Mahadev or Lord Shiva is of the foremost importance in Hinduism. He is the main pillar of the holy trinity. Jyotirlingas are the divine place of Lord Shiva, where he resides in different forms.
1. Jyotirlinga: Meaning
The word Jyoti means light or radiance and ling or lingam means a sign or image. So, the word Jyotirlinga means the radiant sign of Lord Shiva. The Jyotirlingas are said to have appeared in places where Lord Shiva himself manifested on earth, thus giving them the name of Swayambhu, meaning self-manifested.
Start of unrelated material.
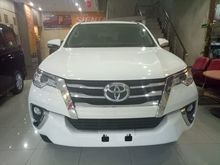 2019 Unit LANGKAH Toyota Fortuner 2,4 VRZ SUV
Each Jyotirlinga is considered to be a different manifestation of Lord Shiva. In this article, we will narrate to you the story behind the first of the twelve Jyotirlinga.
2. Somnath Jyotirlinga
The Somnath Jyotirlinga, which is considered to be the first of the 12 jyotirlingas situated in Gujarat and reconstructed several times in the past. After repeated destruction by several Muslim invaders and rulers. It is unclear when the first version of the Somnath temple was built. The temple was destroyed and rebuilt 16 times and was well known to be one of the richest temples in the history of Hinduism.
3. Somnath Jyotirlinga’s Origins
The story behind the origin of the temple goes as follows. According to Shiva Purana, Chandra or the moon was the son of Athvi and Ansuya. He was married to the 27 daughters of Prajapati Daksh, while giving the hand of his 27 daughters in marriage to Chandra, Daksha asked Chandra for a promise.
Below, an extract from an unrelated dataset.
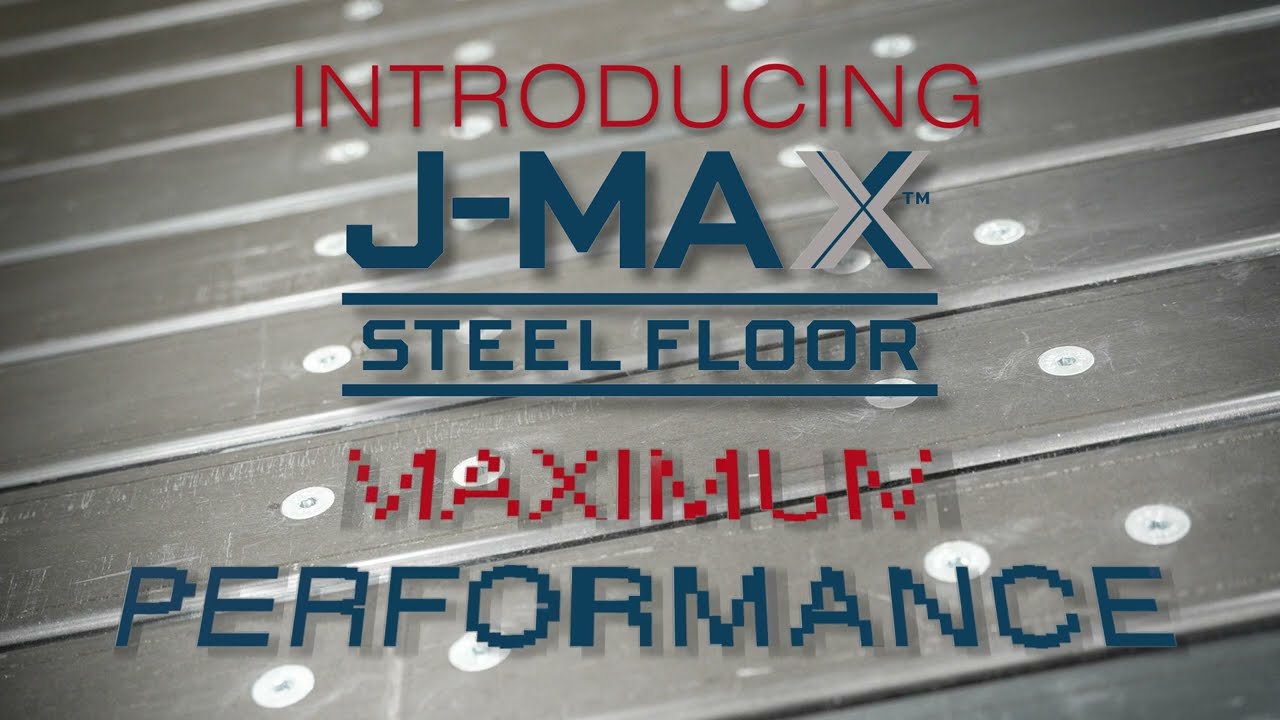 KEITH® J-Max™ steel floor at work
He asked Chandra to love and treat all his 27 daughters equally to which Chandra obliged, after some time of his marriage, Chandra, grew especially fond of one of his wives Rohini. He spent most of his time with her and ignored his other wives, on seeing the preference given to Rohini the other 26 daughters of Daksha became unhappy. They went to their father, Daksha, and narrated the whole situation. On seeing the partiality and injustice done to his 26 daughters Daksha was infuriated in his anger. He cursed the moon to lose his shine and luster and eventually fade away to death. The dying Chandra did not know what to do and pleaded with Daksha to take his curse back, but it was too late.
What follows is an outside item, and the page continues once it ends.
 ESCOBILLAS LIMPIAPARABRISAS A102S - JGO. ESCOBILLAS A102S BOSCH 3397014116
4. Chandra’s prayer to Lord Shiva
Chandra went to Lord Brahma to ask for help Brahma advised Chandra that he can get liberated from the curse if he pleases Lord Shiva by chanting his Mahamrityunjaya mantra. Holding on to the slim ray of hope, Chandra, went to the famed holy ground Prabhas Patan, established a Linga, and prayed to Lord Shiva. Pleased with Chandra’s devotion, Shiva appeared and said, though I cannot reverse Daksha's curse, I can soften it to some extent. From this day onwards, you will increase in brightness for 15 days in Shukla paksha and then weigh in for 15 days in the Krishna paksha. You will fill the world with your radiance on the full moon nights and disappear on the new moon days.
5. By wearing Crescent Moon Shiva came to be known as Chandrashekhar
Chandra was disappointed at the thought of waxing and waning. His crescent shape would just be a constant reminder of the curse and his reduced strength. Shiva consoled him by offering to wear the crescent moon in his hair, to show his devotees that they were dear to him even in their lowest moments. Thus, Shiva came to be known as Chandrashekhar or the one with Chandra mounted on his head. From then on, Lord Shiva assumed the name Somachandra and resided in this place, eternally. Eventually, the temple came to be known by the name: Somnath, meaning the god of the moon on getting Shiva’s blessings. The moon regained its light, and this is why this town is also referred to as Prabhas.
It is said that the original Somnath temple was built by the moon in pure gold and later rejuvenated by Ravana, in silver, by Krishna, in sandalwood, and finally, by Bhima Dev. In stone thereafter, this temple was raided multiple times by invaders. In the medieval centuries, the latest temple is made of reddish-yellow stones.